Malgré le fonds de solidarité, l'inquiétude persiste chez les indépendants

Photographes, coachs sportifs, hypnothérapeutes: depuis le reconfinement, l'ensemble des travailleurs indépendants ont accès au fonds de solidarité. Un "soulagement" pour ces entrepreneurs touchés de plein fouet par la crise économique, qui s'estiment toutefois oubliés par les politiques publiques.

"L'année dernière en octobre, qui était un très bon mois, j'étais à 4.000 euros de chiffre d'affaires. Ces 4.000 euros, c'est le montant que j'ai dû faire sur les six derniers mois", déplore Axelle Carlier, praticienne en hypnose basée à Lille.

Pour aider les petites entreprises et les trois millions d'indépendants, le gouvernement a mis en place en mars le fonds de solidarité, qui prévoit le versement d'une indemnité mensuelle pour compenser une partie de leur perte d'activité.

Mais en juillet, l'accès à ce dispositif a été limité aux secteurs les plus sinistrés, comme la restauration ou l'événementiel, excluant 2 millions d'entrepreneurs. Face à la mobilisation d'organisations de défense des indépendants et au second confinement, l'exécutif a finalement élargi le fonds de solidarité.

Cette aide est désormais ouverte à toutes les entreprises de moins de 50 salariés, dès lors que leur perte de chiffre d'affaires atteint au moins 50%, et pour un montant maximal de 1.500 euros par mois. Elle est plus importante pour les secteurs les plus pénalisés.

- "Le Covid a tout changé"-

"Un soulagement", pour Axelle, qui a connu "des hauts et des bas émotionnels". "Je compte profiter de cette petite parenthèse pour réfléchir, voir ce que je peux faire" pour rebondir, raconte-t-elle.

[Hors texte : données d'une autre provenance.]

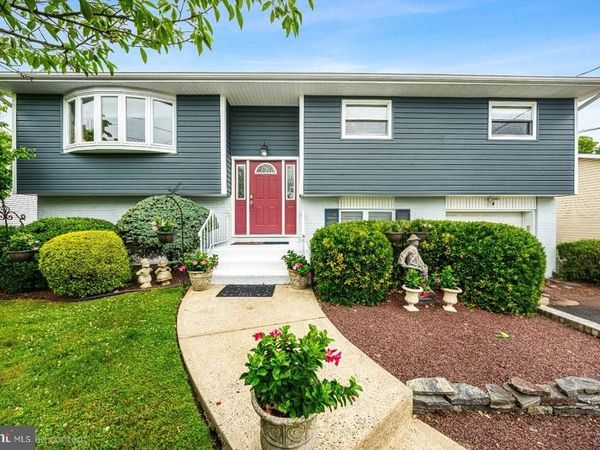 8 DAN ROAD, HAMILTON, NJ 08620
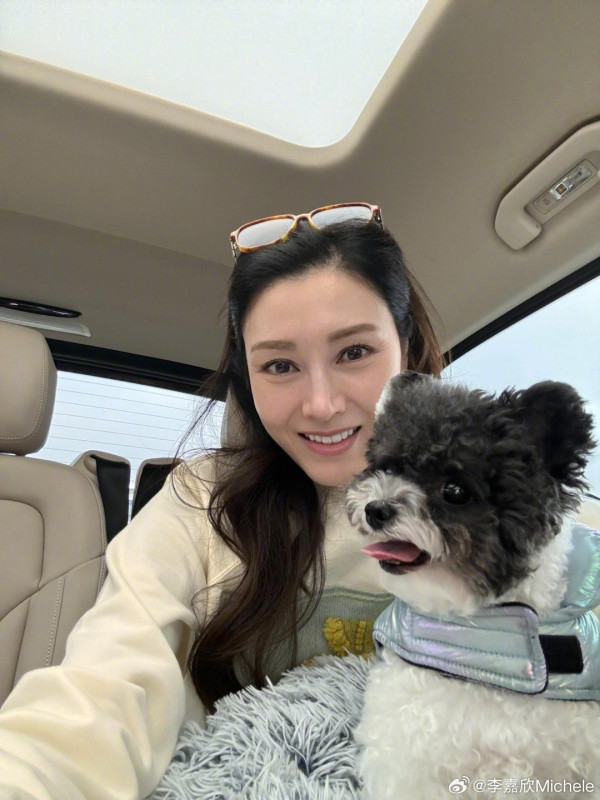 54歲大美人孖富商老公滑雪 情深對望獲讚似「神仙眷侶」 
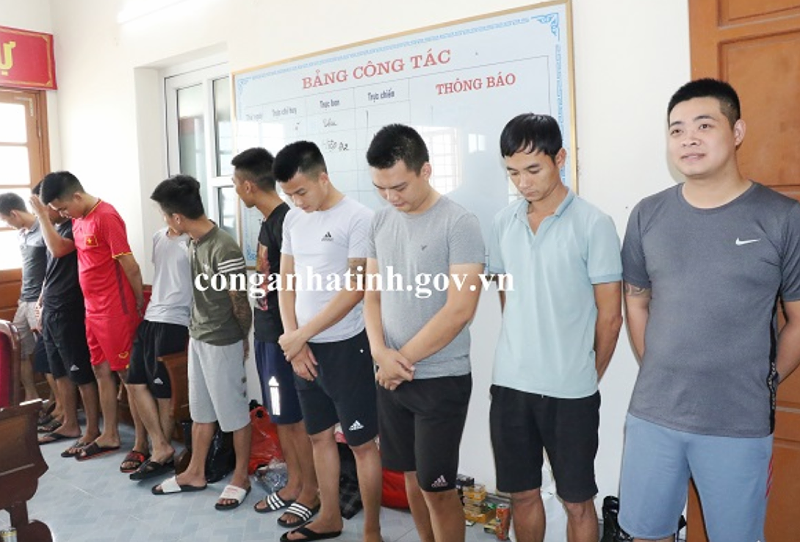 Cầm đầu đường dây cá độ 35 tỉ đồng World Cup chỉ 24 tuổi - Ảnh 2. Cầm đầu đường dây cá độ 35 tỉ đồng World Cup chỉ 24 tuổi - Ảnh 2.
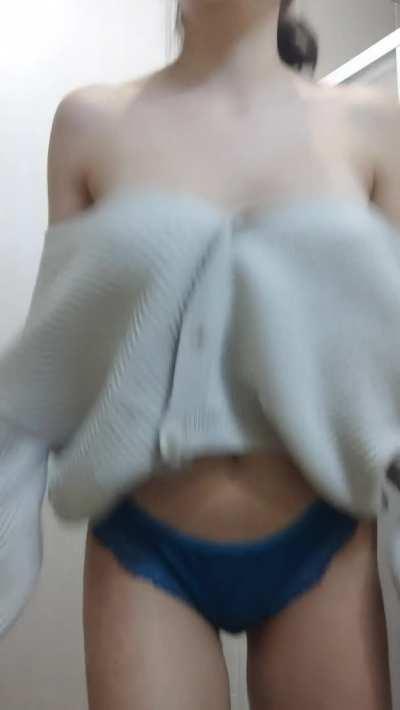 Even my cardigan couldnt resist to hide them from the world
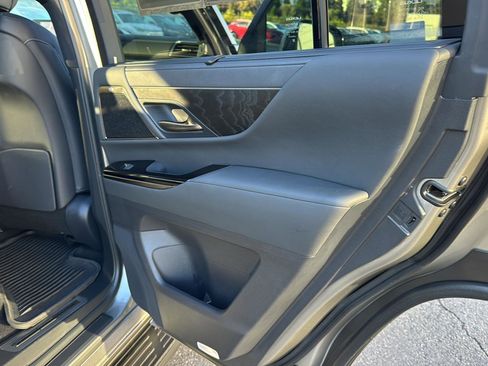 Used 2023 Lexus LX 600 4WD w/ Luxury Package image 13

Passionnée par son métier, l'hypnothérapeute de 33 ans a vu sa clientèle chuter, malgré des consultations qu'elle continue d'assurer par visioconférence.

"Ma façon d'attirer de nouvelles personnes c'est en faisant beaucoup de formations, de stages ou de soirées d'hypnose. Le Covid a vraiment tout changé", explique-t-elle.

L'interdiction de divers événements a également mis à mal les finances de Laurent Qy. Ce photographe indépendant de 37 ans assure l'essentiel de ses prestations grâce aux événements d'entreprises et aux spectacles culturels.

"Comme tout a été annulé, il n'y a pas de travail et donc pas de rentrée d'argent", constate cet ancien consultant, qui a quitté son poste de salarié où il était "bien payé" pour exercer sa passion.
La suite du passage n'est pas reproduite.